▶ **What is being asked**:
Should any entry hold a picture, omit that picture and copy the rest of the entry exactly.

--- Material for the task Enclosed Below ---

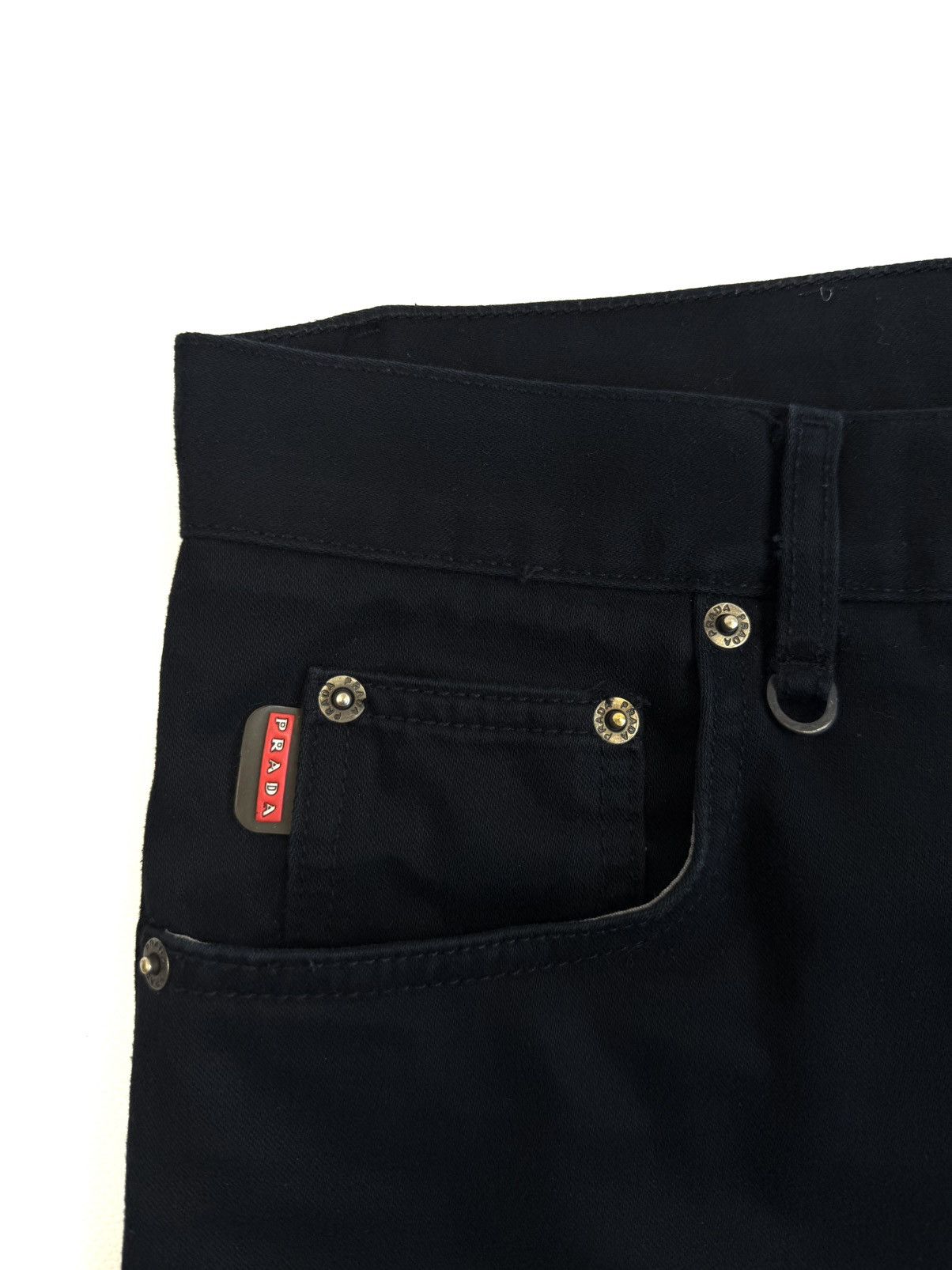 Prada 90-00s Prada Linea Rossa Archive Black Pants Red Tab Vintage Size US 38 / EU 54 - 10 Thumbnail
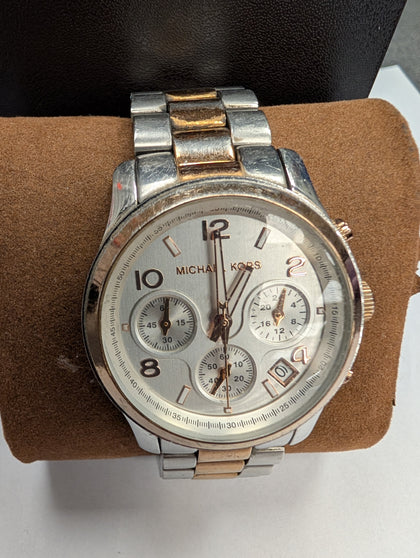 Michael Kors Women's Multifunction Black Dial & Two-Tone Watch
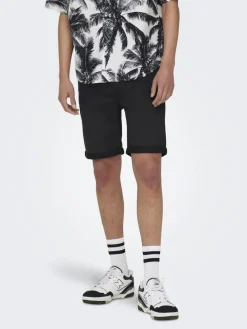 farkkushortsit Onsply Blk Jog>Only & Sons
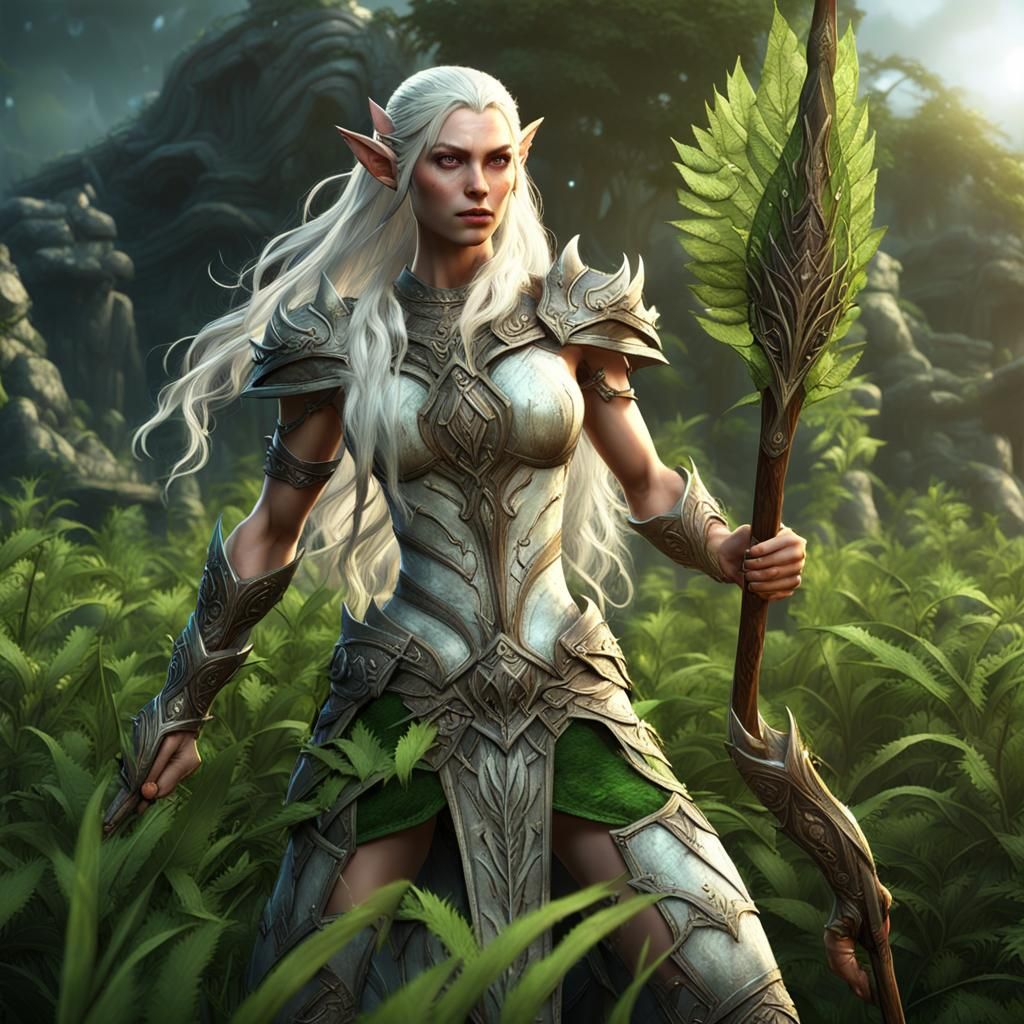 Elven Warrior in Ruined City: 3D Game Cinematic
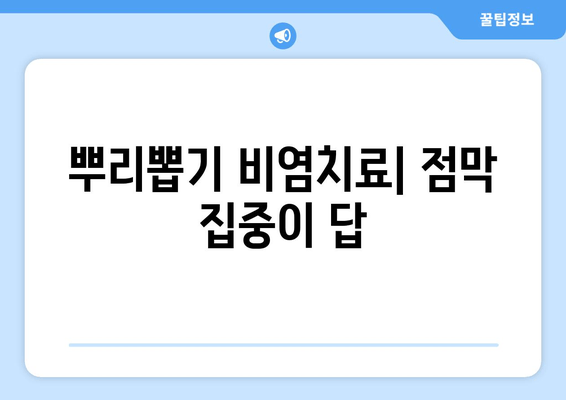 뿌리뽑기 비염치료| 점막 집중이 답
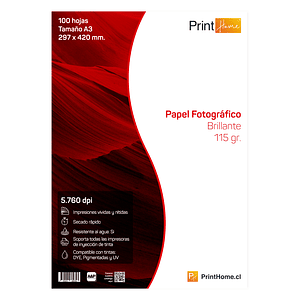 Papel fotografico 115 A3 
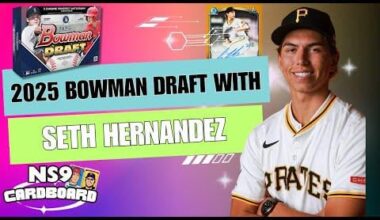 Ripping 2025 Bowman Draft with Pirates Prospect Seth Hernandez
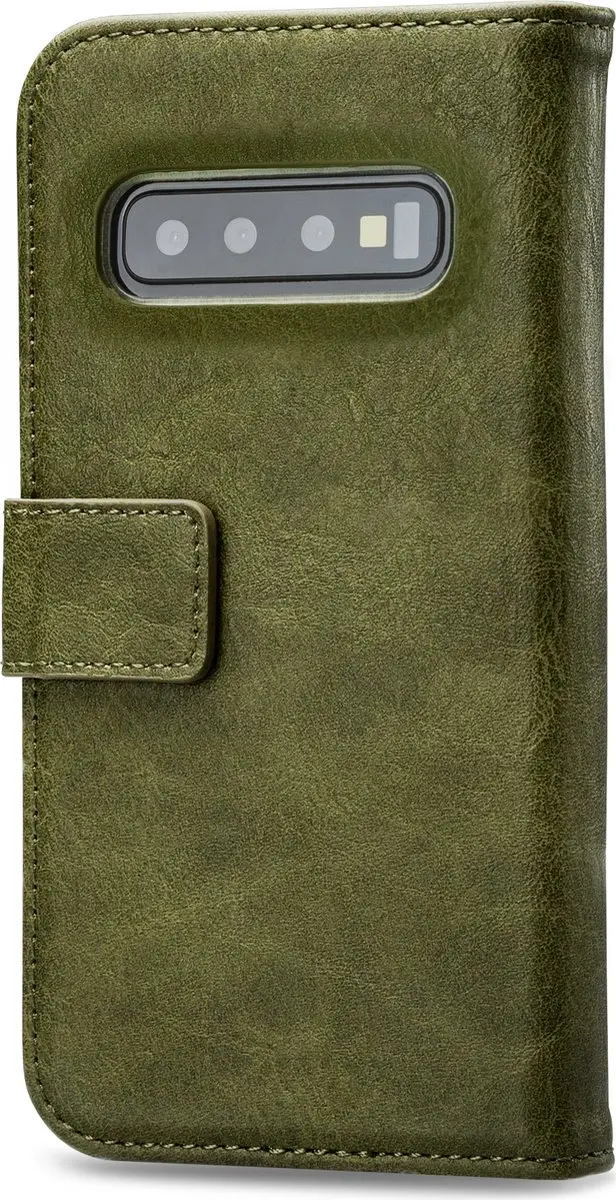 Mobilize Elite Gelly Bookcase MOB-EGWBCG-GALS10P Samsung Galaxy S10+ Hoesje - Groen
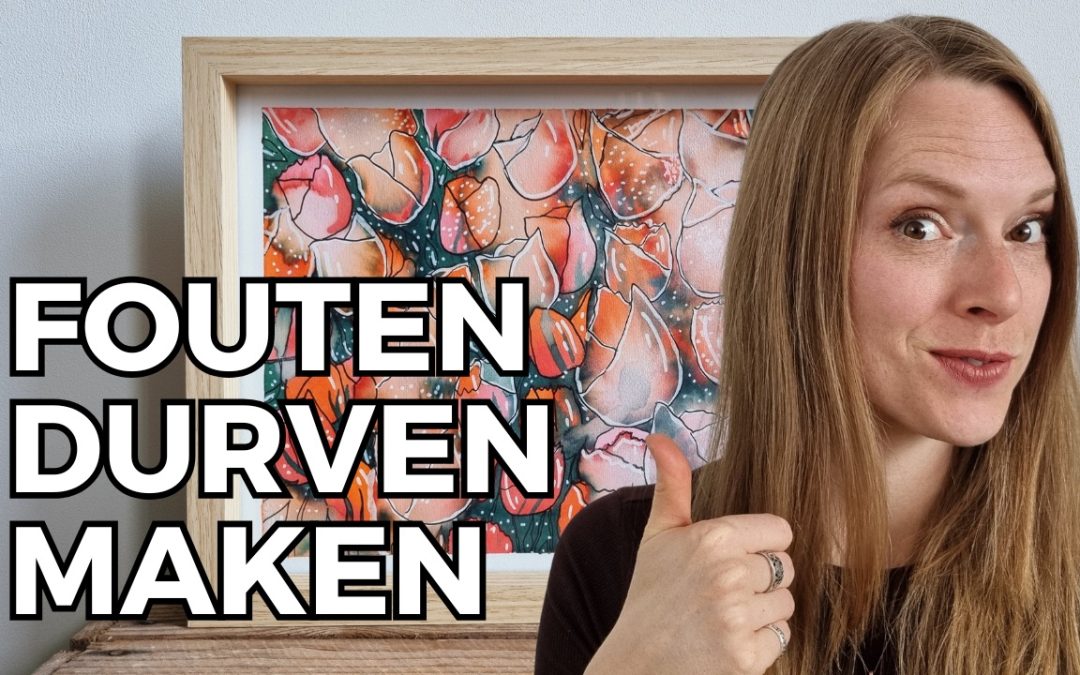 Tulpen schilderen met waterverf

--- End of Enclosed Material for the task ---

▶ **Exercise response**:
 Prada 90-00s Prada Linea Rossa Archive Black Pants Red Tab Vintage Size US 38 / EU 54 - 10 Thumbnail
 Michael Kors Women's Multifunction Black Dial & Two-Tone Watch
 farkkushortsit Onsply Blk Jog>Only & Sons
 Elven Warrior in Ruined City: 3D Game Cinematic
 뿌리뽑기 비염치료| 점막 집중이 답
 Papel fotografico 115 A3 
 Ripping 2025 Bowman Draft with Pirates Prospect Seth Hernandez
 Mobilize Elite Gelly Bookcase MOB-EGWBCG-GALS10P Samsung Galaxy S10+ Hoesje - Groen
 Tulpen schilderen met waterverf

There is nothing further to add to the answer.